= Rebecca Paul (lottery official) =

American lottery official (born 1949)

Rebecca Paul (born Feb 1949 as Rebecca Sue Graham) is currently the President and CEO of the Tennessee Lottery. Prior to assuming her current position in 2003, Paul gained national fame within the lottery community for operating lotteries in Illinois, Florida, and Georgia.
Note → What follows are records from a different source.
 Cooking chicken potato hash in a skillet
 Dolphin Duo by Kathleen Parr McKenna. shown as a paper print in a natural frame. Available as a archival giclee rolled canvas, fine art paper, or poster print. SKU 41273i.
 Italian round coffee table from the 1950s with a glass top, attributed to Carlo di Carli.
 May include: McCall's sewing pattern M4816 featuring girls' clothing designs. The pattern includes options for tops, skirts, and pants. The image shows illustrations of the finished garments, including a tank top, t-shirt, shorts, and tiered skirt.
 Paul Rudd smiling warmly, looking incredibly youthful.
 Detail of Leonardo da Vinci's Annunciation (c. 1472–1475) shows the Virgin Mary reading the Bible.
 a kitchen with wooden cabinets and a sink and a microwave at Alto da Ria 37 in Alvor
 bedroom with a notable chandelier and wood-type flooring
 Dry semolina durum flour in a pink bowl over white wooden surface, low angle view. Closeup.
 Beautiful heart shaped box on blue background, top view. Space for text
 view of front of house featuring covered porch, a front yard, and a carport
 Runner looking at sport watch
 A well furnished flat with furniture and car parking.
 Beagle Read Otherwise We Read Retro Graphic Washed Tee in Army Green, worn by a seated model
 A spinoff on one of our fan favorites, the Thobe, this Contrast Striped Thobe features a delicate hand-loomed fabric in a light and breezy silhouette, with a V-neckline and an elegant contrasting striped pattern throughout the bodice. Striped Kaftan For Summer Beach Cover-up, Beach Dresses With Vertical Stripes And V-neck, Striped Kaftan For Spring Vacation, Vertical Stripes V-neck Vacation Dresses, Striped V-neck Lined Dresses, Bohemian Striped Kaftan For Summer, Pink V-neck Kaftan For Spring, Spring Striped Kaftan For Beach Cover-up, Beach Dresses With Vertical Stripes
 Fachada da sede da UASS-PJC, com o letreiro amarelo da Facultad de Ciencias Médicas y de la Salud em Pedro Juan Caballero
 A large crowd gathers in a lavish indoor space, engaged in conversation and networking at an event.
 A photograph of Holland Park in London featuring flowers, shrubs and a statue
In 1986 Florida voters elected Republican Bob Martinez as governor, and at the same time, voted in favor of establishing a state lottery to aid education. The new governor recruited Paul as the state's first Lottery Secretary, due largely to her reputation for having turned the Illinois lottery from a moribund operation into one of the most successful lotteries in the United States. Paul was then brought to Georgia for the same purpose in 1993, after Georgia voted to start up a lottery as well.

Paul was already the highest paid lottery official in the United States, prior to being recruited to Tennessee with an even larger compensation package. She is widely regarded as the pre-eminent lottery official in the United States, being described by one state legislator as the "Michael Jordan" of lotteries.

In 2022 she was elected president of the World Lottery Association.

== Pre-lottery years and personal life ==
Paul, a native of Indianapolis, Indiana, is an alumna of Butler University, where she earned a BS degree (1970) and an MS degree (1975) from the College of Education.

Paul was selected as Miss Indiana 1972, and was the fourth runner-up in the 1973 Miss America Pageant, losing to Terry Anne Meeuwsen (best known as co-host of The 700 Club). After her pageant days, Paul was hired as a "weather girl" at a station in Indianapolis. She married Terry Paul, a construction executive and 1968 graduate of Butler University, and in 1977, when he took a new position in Illinois, she was hired at WICS, the then-NBC affiliate in Springfield, Illinois. While living in the state capital, Paul became involved with Republican party politics, rising to the position of party co-chair, before being tapped to run the Illinois Lottery.

In 1999, while Paul was living in Atlanta and running that state's lottery, her husband died. When she moved to Tennessee, she met state legislator Jere Hargrove, who was a Democratic member of the Tennessee House of Representatives. Hargrove did not seek re-election in 2006, and the day after the election, on November 8, 2006, Hargrove and Paul were married in 2006 by Governor Phil Bredesen in the governor's mansion. She and Hargrove were divorced in 2021.